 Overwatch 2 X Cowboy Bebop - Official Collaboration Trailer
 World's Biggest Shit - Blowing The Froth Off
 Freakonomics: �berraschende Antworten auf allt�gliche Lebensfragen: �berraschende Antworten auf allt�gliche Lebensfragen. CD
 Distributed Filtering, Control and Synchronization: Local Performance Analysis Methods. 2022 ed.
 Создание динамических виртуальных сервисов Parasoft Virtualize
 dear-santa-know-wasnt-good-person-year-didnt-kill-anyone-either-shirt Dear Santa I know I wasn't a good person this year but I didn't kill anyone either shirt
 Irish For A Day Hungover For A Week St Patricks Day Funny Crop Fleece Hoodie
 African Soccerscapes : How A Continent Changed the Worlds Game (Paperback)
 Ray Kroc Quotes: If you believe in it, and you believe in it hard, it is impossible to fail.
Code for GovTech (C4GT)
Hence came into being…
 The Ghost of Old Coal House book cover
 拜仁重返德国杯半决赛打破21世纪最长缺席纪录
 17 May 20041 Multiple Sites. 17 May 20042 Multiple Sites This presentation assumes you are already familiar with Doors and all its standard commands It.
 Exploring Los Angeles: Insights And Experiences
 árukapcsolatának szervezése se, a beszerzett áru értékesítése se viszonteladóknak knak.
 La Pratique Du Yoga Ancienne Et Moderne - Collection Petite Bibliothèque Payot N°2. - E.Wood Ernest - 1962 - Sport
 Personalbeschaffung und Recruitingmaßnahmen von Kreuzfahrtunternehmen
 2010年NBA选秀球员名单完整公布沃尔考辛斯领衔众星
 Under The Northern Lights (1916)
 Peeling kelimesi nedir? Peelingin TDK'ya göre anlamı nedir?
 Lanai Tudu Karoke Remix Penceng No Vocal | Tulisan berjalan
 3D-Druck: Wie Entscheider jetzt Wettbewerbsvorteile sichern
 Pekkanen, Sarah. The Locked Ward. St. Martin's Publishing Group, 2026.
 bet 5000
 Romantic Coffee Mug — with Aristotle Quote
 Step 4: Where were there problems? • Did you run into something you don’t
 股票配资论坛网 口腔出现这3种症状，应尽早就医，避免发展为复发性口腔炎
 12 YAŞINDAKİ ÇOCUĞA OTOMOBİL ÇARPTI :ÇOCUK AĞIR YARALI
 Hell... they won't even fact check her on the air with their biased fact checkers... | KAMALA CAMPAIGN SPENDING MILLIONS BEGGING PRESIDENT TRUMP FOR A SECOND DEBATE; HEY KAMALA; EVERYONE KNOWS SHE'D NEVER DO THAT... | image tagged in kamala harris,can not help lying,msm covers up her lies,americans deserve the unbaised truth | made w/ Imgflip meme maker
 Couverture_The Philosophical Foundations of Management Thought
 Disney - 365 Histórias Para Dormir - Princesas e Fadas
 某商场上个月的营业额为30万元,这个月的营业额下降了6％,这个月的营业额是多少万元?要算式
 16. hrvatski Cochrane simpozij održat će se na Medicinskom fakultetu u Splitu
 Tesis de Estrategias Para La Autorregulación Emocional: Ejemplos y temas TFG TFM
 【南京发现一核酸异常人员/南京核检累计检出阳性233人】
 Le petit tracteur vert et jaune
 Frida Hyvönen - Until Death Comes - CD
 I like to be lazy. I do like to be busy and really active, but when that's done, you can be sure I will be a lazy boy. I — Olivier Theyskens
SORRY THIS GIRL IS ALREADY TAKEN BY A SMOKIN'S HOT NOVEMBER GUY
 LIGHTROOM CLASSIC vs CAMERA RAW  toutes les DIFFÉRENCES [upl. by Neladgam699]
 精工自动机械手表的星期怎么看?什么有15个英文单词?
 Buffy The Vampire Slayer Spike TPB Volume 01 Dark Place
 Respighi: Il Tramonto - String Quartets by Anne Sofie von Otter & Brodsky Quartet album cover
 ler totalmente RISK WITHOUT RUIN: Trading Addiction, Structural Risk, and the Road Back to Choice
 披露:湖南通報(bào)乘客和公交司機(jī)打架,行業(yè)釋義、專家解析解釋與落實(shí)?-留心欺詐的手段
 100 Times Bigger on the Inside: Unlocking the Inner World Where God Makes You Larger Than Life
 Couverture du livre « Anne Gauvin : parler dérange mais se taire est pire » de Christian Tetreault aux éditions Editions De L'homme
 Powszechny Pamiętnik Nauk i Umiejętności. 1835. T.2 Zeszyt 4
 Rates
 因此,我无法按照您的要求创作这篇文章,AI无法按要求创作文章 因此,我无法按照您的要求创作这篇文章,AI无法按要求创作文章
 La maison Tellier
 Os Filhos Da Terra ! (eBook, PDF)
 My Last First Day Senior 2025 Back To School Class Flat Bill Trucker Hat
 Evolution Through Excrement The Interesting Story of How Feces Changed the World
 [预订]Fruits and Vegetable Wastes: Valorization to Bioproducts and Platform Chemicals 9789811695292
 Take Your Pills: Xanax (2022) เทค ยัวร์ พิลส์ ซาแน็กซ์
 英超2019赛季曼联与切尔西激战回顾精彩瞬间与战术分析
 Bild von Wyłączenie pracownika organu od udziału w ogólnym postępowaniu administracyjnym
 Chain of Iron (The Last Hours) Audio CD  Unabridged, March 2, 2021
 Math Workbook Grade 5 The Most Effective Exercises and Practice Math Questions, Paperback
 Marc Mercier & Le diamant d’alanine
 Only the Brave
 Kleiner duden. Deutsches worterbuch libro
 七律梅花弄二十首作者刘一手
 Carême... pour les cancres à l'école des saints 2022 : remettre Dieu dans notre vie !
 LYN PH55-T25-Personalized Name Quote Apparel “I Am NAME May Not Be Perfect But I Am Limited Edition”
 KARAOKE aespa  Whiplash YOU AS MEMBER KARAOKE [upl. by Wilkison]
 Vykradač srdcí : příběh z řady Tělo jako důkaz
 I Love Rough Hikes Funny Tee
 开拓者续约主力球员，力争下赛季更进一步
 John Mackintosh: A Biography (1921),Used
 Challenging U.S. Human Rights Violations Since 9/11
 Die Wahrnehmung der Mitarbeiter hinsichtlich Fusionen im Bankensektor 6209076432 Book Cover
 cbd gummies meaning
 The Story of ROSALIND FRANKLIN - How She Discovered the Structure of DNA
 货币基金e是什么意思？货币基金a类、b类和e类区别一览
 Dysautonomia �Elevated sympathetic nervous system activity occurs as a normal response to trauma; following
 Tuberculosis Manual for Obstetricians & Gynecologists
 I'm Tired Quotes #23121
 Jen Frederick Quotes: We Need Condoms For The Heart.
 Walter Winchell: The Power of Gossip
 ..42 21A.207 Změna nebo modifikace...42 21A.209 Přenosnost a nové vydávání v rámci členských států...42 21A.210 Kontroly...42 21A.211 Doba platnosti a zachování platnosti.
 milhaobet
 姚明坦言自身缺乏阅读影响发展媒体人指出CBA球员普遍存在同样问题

__________

** Try it **
Return each line of the material above in which the string "Changed" appears.

** Answer to this exercise **
 African Soccerscapes : How A Continent Changed the Worlds Game (Paperback)
 Evolution Through Excrement The Interesting Story of How Feces Changed the World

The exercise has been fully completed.